Story by Jennifer Herrera
It was July 22, 2014 and Valeska Castañeda was heading out, on foot, with a group of mothers and children for a long journey across California. The plan was to walk over 350 miles from Merced to the U.S. Border near San Diego as a sign of solidarity with people immigrating to the United States.
The first day of the walk temperatures soared into the 90s, and Castañeda hadn’t trained for the 15 mile-a-day trek. “The first day I felt like my feet were going to fall off,” she said with a giggle. “My feet looked like little sausages, they were so swollen.”
As they walked, and word spread through local news coverage and word-of-mouth people came out to support the walkers, who’d dubbed their journey, “Trail for Humanity.” People brought them food, water, umbrellas and hats during the day. At night, organizations held rallies with spoken word, poetry, musical entertainment and more.
“The communities,” Castañeda said, recalling people she met along the way, “gave me strength. They pushed me forward each day.”
A Personal Path
Part of why Castañeda relates to immigrants is her own history. In the mid 1980s,
Castañeda and her family came from Nicaragua to the U.S. where they were granted political asylum. She was one at the time, and spent the next couple of decades growing up in Richmond. Now, the 27-year-old mother is a student at U.C. Berkeley, majoring in American Studies. She’s also an activist, who was moved to organize the cross-state walk after spending a week in Arizona on a service trip.
The talks she had with community activists, teachers and undocumented immigrants during her time in Arizona convinced Castañeda she had to do something to raise massive awareness about the social injustice issues she witnessed.
The name of the massive awareness campaign Castañeda eventually embarked on, “Trail for Humanity,” was inspired by a Mayan proverb: In Lak’Ech Ala K’in. It means, we are all a reflection of one another. When organizing the pilgrimage, Valeska said it was mothers who took the initiative.
“It was mostly the mothers that came together and selflessly gave their time,” Castañeda said.
“Women decided that they’re no longer going to be in the shadows. They’re going to be at the head and spearhead the struggle,” she said.
The six mothers, all current students at UC Berkeley as well, and their children led the 26-day journey through 41 cities to pressure President Barack Obama to halt mass deportations that have separated children from family, terminate the use of police officers as immigration agents, eliminate “stop and frisk” racial profiling laws and to pass a humane immigration reform, Castañeda said.
For Castañeda, the turning point in the planning of the walk came in April with the tragic death of young migrant. Noemi Alvarez Quillay, was a 12-year-old Ecuadorean girl, who committed suicide after being detained in Cuidad Juárez, Mexico. She had traveled approximately 6,500 miles in order to be reunited with her family before she was picked up, according to media reports at the time.
“Enough was enough,” Castañeda said, recalling Quillay’s story with tears and a slight squeak in her voice, “We needed to start organizing.”
An Act of Love
While they marched south, other civil rights giantesses joined the women and children.

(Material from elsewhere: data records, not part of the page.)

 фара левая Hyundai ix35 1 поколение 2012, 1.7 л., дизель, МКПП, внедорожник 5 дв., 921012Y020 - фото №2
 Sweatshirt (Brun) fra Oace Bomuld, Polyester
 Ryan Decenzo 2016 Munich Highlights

On day 10, Dolores Huerta, a labor leader who cofounded what would later become the United Farm Workers with César E. Chávez, marched alongside the mothers. Together the women shouted a chant Castañeda said she composed with her mother. “Un paso mas!” One more step. They’d also recite Black Panther activist Assata Shakur’s famous words: “It is our duty to fight for our freedom. It is our duty to win. We must love and protect one another. We have nothing to lose but our chains.”
But, not everyone was supportive of the Trail for Humanity. It was common for agitators to drive by and scream, “Illegal’s go back home,” Castañeda said.

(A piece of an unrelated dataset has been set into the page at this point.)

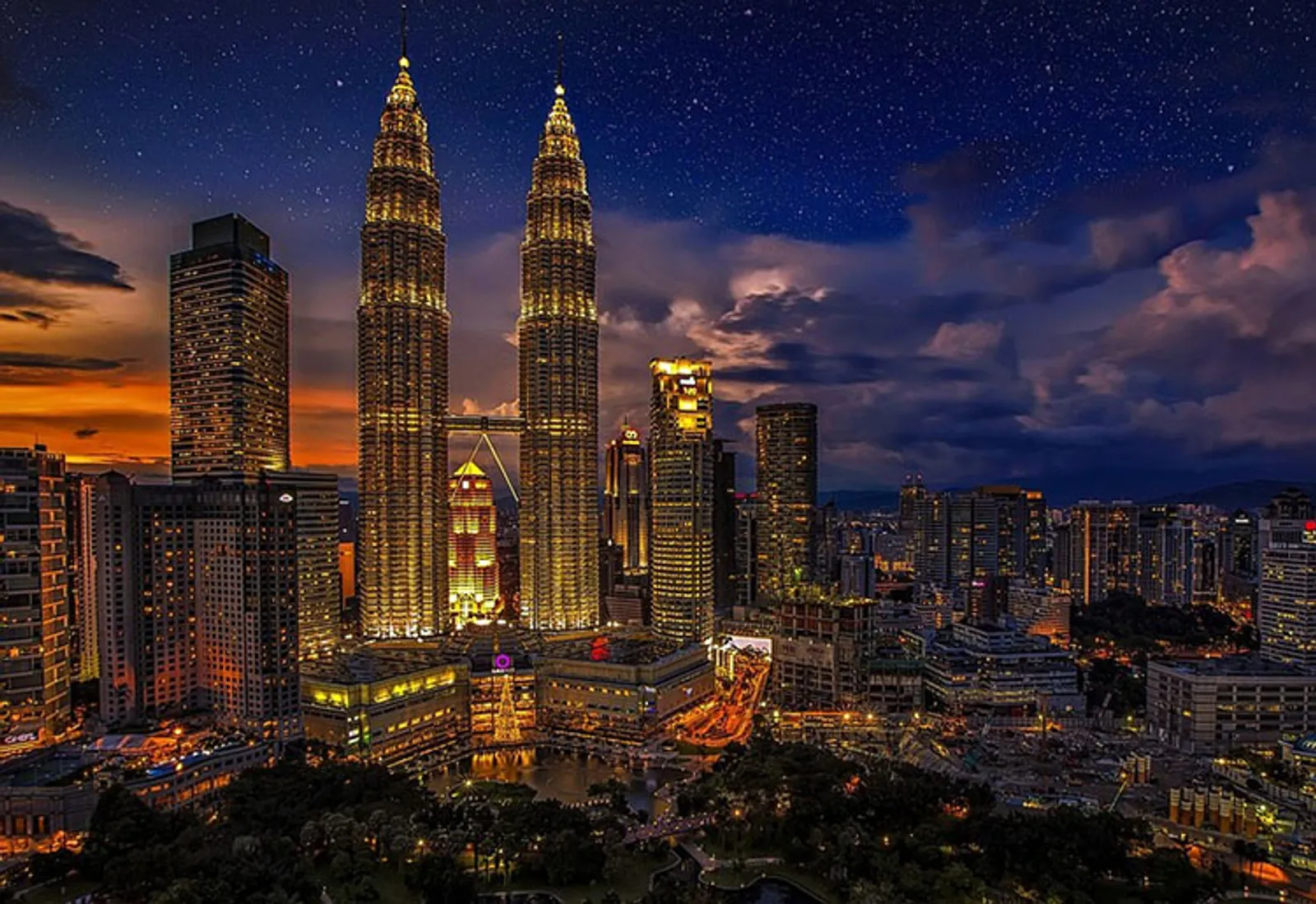 Malaysia Kalahkan Indonesia di Sektor Pariwisata Pasar Muslim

Recalling one woman driving by who stopped to berate the marchers to go home, get a job and an education, Castañeda said, “She made assumptions about me because I have this face.”

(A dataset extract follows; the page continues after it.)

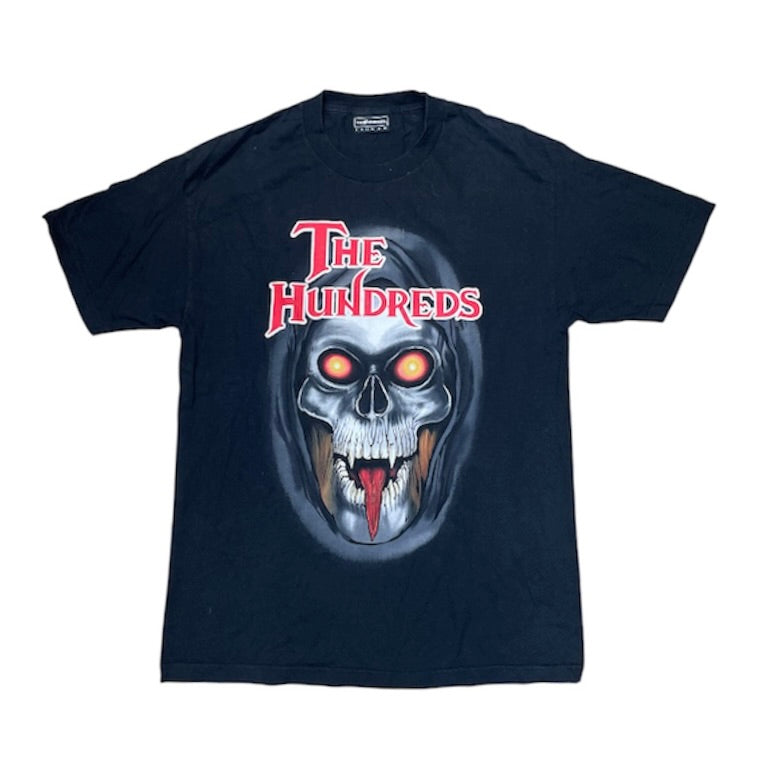 The Hundreds Often Limited Never Equaled Black Tshirt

In Bakersfield, a truck followed the marchers for several miles. At one point, the woman inside got out and began chasing them, Castañeda said. Fortunately, they had an emergency van with them for the marchers to use in case of similar events.
Despite the long days, physical pain and emotional toil Castañeda said the walk never turned negative. “It didn’t become an act of torture, instead it was an act of love.”
By the end, Castañeda was the only mother that walked every single day of the trail. And, she finished the march without a single blister on her feet. “I honestly think it was because of all the thoughts, love and prayers that were sent my way,” she said.
The last day was a bittersweet moment for the mothers and children, Castañeda said. Once they finally reached the U.S.-Mexico border, hundreds of people came to celebrate the conclusion of the pilgrimage.
A Trail for Humanity is not over yet, according to Castañeda. “My presence is needed elsewhere,” she said.
Castañeda plans to have a conference soon with all the organizations that participated in the walk to address what will happen next.